### Activity
In the entries that follow, the line with "Pizza Fromage" opens the range and the line with "South Indian Vegetarian" closes it; repeat that range exactly, both lines included.

--- Recorded information Enclosed Below ---

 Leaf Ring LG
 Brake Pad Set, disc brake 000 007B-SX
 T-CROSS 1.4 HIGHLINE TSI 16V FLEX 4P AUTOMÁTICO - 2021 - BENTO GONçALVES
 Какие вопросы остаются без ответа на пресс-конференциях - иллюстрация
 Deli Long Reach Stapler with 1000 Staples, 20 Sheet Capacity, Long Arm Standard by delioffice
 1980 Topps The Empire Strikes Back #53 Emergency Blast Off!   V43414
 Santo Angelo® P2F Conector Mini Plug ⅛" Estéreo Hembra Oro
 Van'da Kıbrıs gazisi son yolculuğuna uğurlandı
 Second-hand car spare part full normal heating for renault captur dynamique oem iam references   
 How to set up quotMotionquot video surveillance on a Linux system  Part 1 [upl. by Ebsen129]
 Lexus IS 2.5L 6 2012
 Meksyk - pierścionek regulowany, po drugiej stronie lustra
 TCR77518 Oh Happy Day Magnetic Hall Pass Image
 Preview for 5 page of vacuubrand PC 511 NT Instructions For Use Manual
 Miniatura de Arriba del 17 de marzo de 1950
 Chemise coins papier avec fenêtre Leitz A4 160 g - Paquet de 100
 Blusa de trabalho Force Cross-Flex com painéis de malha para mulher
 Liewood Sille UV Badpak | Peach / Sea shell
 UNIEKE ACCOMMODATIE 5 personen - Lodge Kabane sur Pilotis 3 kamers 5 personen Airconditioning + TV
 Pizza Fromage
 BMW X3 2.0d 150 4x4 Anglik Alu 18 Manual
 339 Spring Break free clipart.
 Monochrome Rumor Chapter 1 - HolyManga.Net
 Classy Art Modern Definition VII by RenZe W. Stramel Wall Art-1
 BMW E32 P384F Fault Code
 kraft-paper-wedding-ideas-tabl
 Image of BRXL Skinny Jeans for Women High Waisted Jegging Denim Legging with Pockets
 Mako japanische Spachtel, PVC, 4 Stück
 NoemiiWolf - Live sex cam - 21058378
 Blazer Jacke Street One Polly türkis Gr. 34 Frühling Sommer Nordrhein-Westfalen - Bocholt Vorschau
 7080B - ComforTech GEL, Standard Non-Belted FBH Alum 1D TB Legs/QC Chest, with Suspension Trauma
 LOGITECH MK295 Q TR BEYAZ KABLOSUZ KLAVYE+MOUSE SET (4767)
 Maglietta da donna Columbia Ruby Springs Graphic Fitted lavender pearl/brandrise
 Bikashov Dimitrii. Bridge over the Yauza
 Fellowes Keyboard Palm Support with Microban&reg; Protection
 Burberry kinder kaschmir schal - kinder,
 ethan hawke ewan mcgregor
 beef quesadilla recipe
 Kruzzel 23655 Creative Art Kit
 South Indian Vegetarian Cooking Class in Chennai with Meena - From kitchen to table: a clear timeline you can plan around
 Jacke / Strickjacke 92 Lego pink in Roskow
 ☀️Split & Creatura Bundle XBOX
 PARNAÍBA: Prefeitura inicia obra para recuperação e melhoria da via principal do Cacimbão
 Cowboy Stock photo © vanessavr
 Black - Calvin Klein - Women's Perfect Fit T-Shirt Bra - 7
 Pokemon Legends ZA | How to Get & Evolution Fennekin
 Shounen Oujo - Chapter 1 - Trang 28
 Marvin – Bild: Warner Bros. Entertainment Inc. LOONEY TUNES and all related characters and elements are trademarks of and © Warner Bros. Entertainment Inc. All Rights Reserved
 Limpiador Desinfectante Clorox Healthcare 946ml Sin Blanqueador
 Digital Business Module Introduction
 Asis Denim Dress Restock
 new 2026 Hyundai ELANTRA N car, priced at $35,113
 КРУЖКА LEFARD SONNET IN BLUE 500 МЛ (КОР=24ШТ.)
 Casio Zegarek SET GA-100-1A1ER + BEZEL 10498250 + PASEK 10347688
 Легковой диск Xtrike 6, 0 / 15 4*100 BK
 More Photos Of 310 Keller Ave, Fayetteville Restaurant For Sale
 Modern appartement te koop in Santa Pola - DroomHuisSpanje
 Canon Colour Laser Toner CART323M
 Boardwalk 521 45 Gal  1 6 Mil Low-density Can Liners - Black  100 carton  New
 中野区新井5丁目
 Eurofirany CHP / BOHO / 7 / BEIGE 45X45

--- End of Enclosed Recorded information ---

### Exercise output
 Pizza Fromage
 BMW X3 2.0d 150 4x4 Anglik Alu 18 Manual
 339 Spring Break free clipart.
 Monochrome Rumor Chapter 1 - HolyManga.Net
 Classy Art Modern Definition VII by RenZe W. Stramel Wall Art-1
 BMW E32 P384F Fault Code
 kraft-paper-wedding-ideas-tabl
 Image of BRXL Skinny Jeans for Women High Waisted Jegging Denim Legging with Pockets
 Mako japanische Spachtel, PVC, 4 Stück
 NoemiiWolf - Live sex cam - 21058378
 Blazer Jacke Street One Polly türkis Gr. 34 Frühling Sommer Nordrhein-Westfalen - Bocholt Vorschau
 7080B - ComforTech GEL, Standard Non-Belted FBH Alum 1D TB Legs/QC Chest, with Suspension Trauma
 LOGITECH MK295 Q TR BEYAZ KABLOSUZ KLAVYE+MOUSE SET (4767)
 Maglietta da donna Columbia Ruby Springs Graphic Fitted lavender pearl/brandrise
 Bikashov Dimitrii. Bridge over the Yauza
 Fellowes Keyboard Palm Support with Microban&reg; Protection
 Burberry kinder kaschmir schal - kinder,
 ethan hawke ewan mcgregor
 beef quesadilla recipe
 Kruzzel 23655 Creative Art Kit
 South Indian Vegetarian Cooking Class in Chennai with Meena - From kitchen to table: a clear timeline you can plan around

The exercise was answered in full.